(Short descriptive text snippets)
____

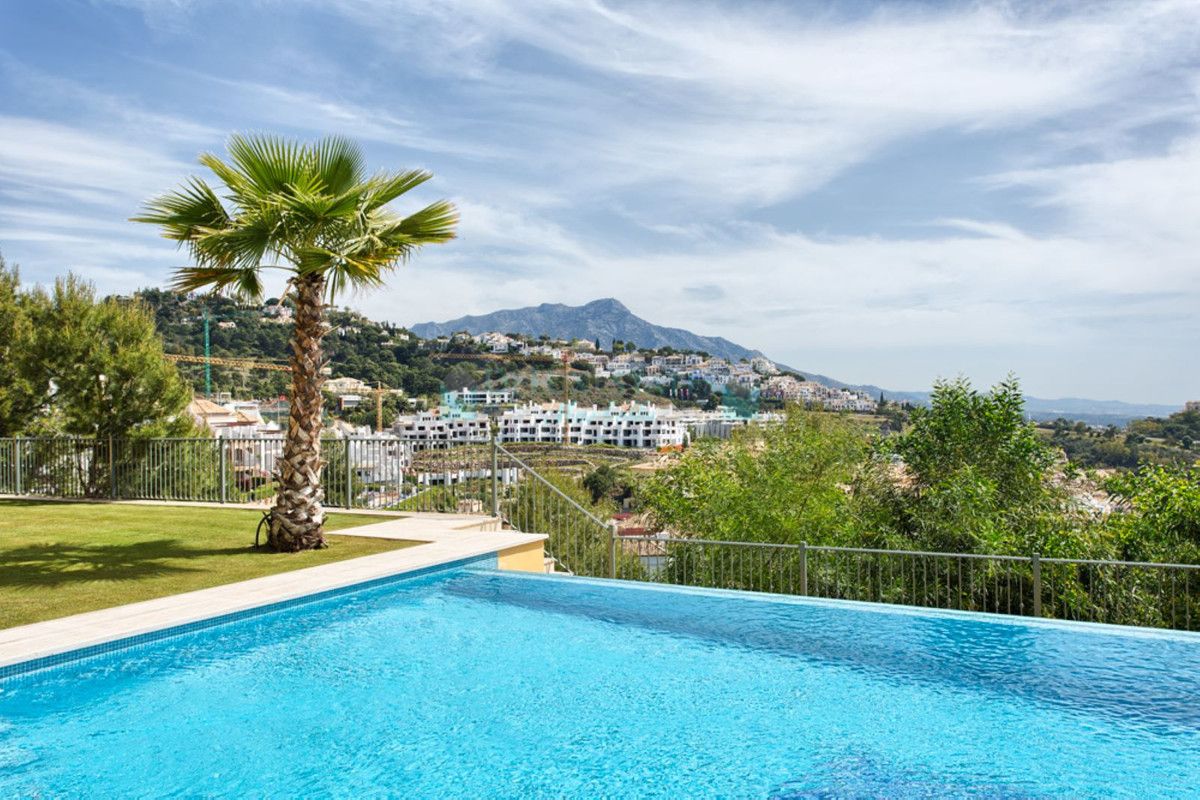 Villa for sale in Los Arqueros, Benahavis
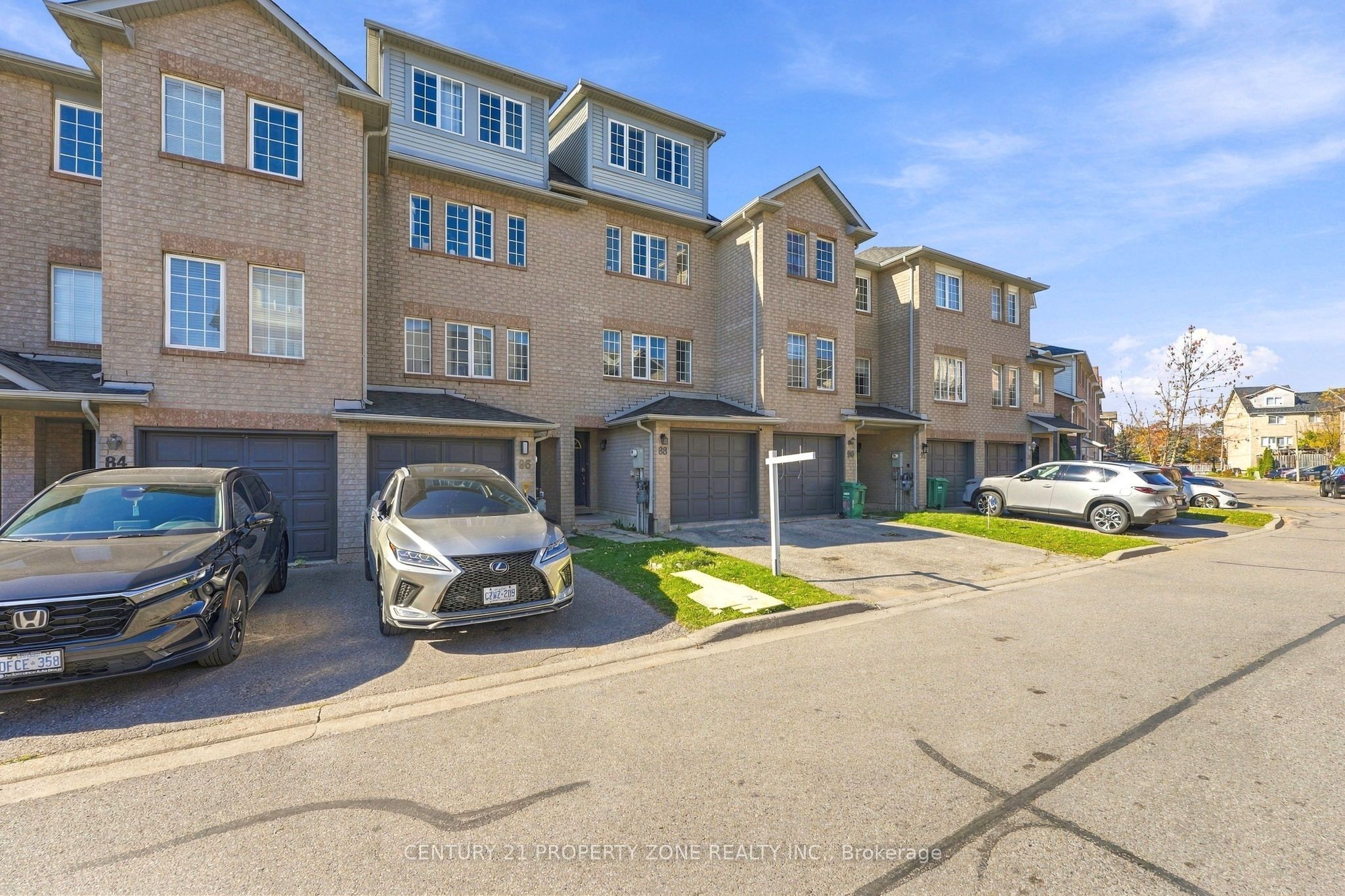 88 Spadina Road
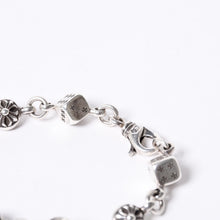 画像をギャラリービューアに読み込む, 極美品 CHROME HEARTS クロムハーツ ダイス&amp;クロスボール ブレスレット 9リンク 重量約40g 全長約20cm シルバ−925 中古 4a001134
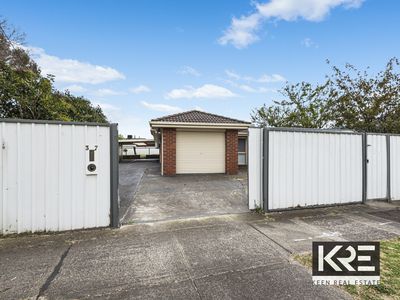 37 Hall Road, Carrum Downs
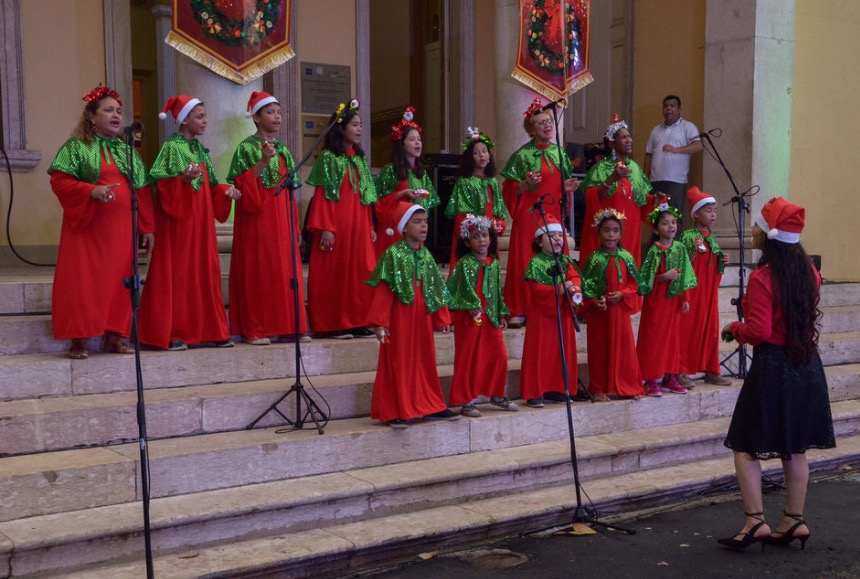 Coral da UEA abre 'Natal no Paço' com encenação teatral no Palácio Rio Branco
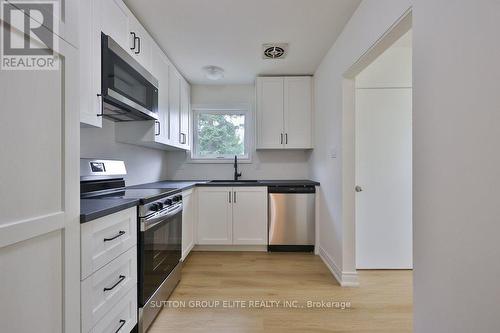1488 Swanage Crescent Sw, Mississauga, ON - Indoor Photo Showing Kitchen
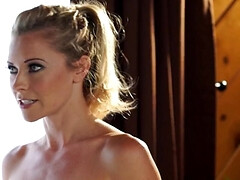 Поза 69, Большие сиськи, Эротика, Сидя на лице, Лесбиянка, Лизание, Массаж, Киски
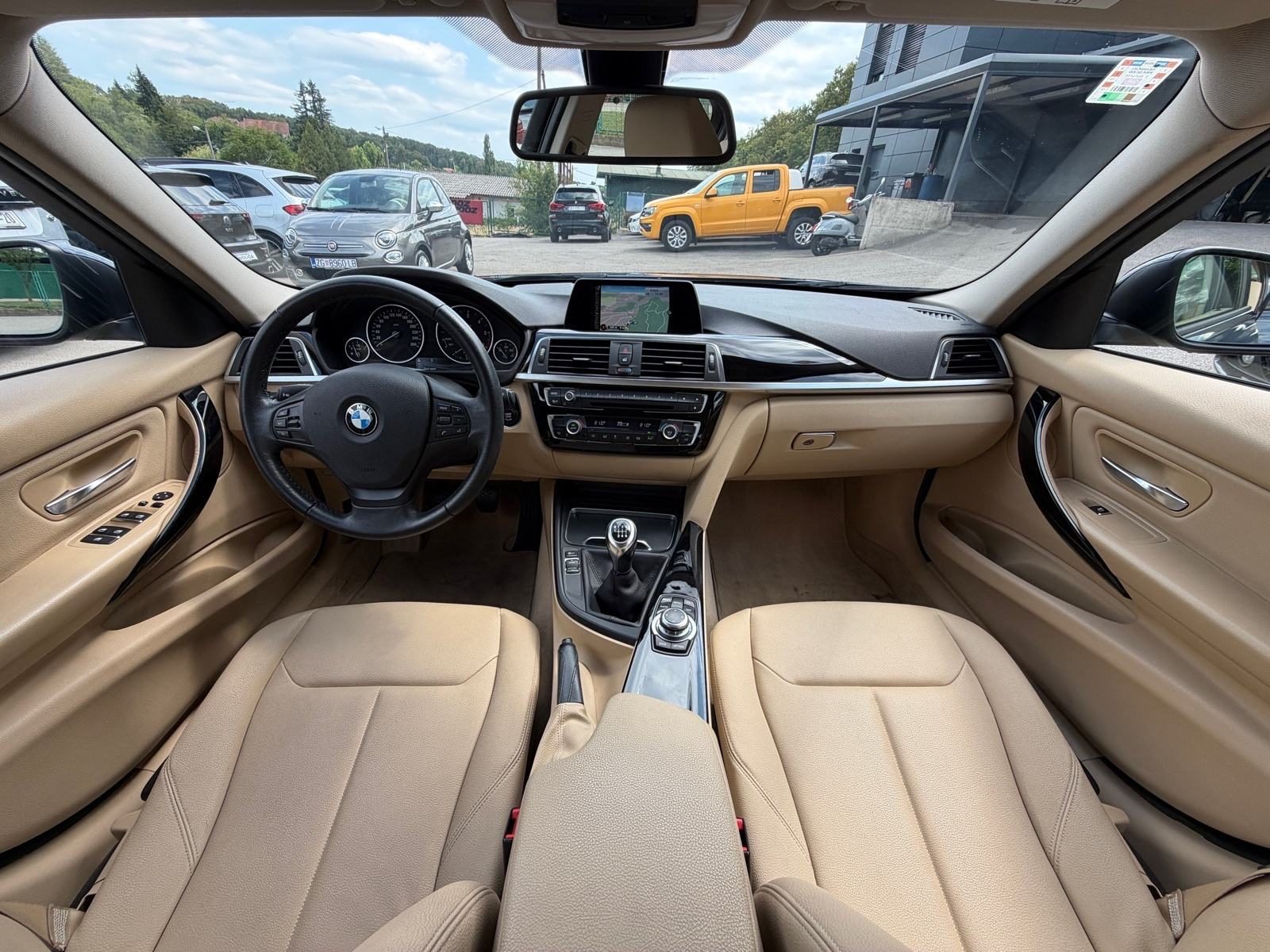 2016 BMW Serija 3 Advantage — fotografija 8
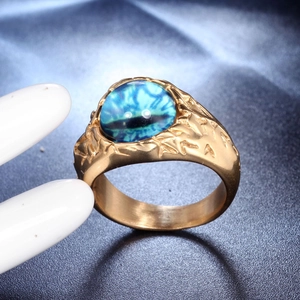 Makroaufnahme von Vintage-Edelstahlring mit türkisem bösen Blick Steinbesatz in Gold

____

**TASK BRIEF**: Leave the pictures out and return each entry exactly.

**RESPONSE TO THIS TASK**:
 Villa for sale in Los Arqueros, Benahavis
 88 Spadina Road
 画像をギャラリービューアに読み込む, 極美品 CHROME HEARTS クロムハーツ ダイス&amp;クロスボール ブレスレット 9リンク 重量約40g 全長約20cm シルバ−925 中古 4a001134
 37 Hall Road, Carrum Downs
 Coral da UEA abre 'Natal no Paço' com encenação teatral no Palácio Rio Branco
1488 Swanage Crescent Sw, Mississauga, ON - Indoor Photo Showing Kitchen
 Поза 69, Большие сиськи, Эротика, Сидя на лице, Лесбиянка, Лизание, Массаж, Киски
 2016 BMW Serija 3 Advantage — fotografija 8
 Makroaufnahme von Vintage-Edelstahlring mit türkisem bösen Blick Steinbesatz in Gold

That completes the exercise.